▸ WHAT IS BEING ASKED:
For the lines from the one with "Собаки в Калуге: Той" to the end of the listing below, both ends included, give an exact copy and nothing more. Do not copy pictures.

▸ PROVIDED MATERIAL:
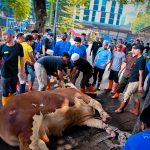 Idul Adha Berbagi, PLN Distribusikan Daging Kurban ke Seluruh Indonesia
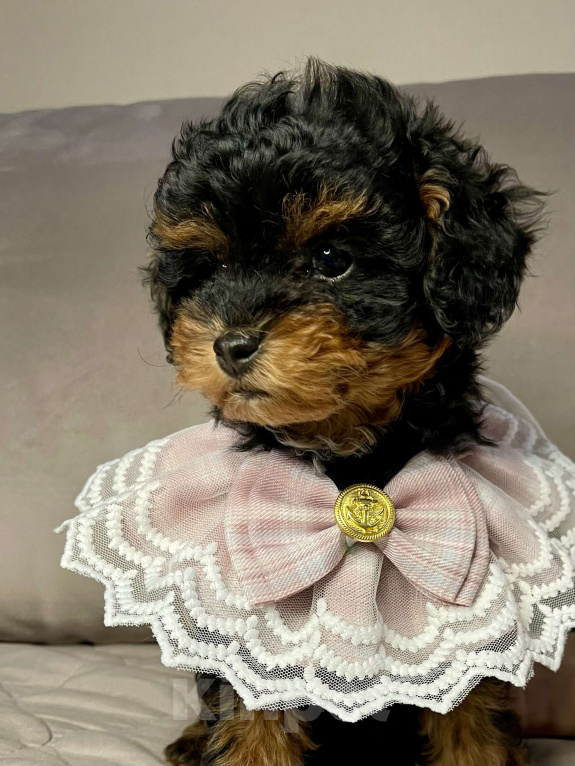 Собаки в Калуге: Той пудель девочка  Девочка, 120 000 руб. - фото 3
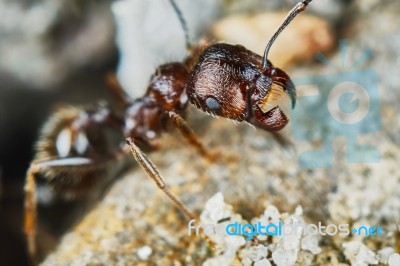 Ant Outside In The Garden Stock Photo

▸ REPLY:
 Собаки в Калуге: Той пудель девочка  Девочка, 120 000 руб. - фото 3
 Ant Outside In The Garden Stock Photo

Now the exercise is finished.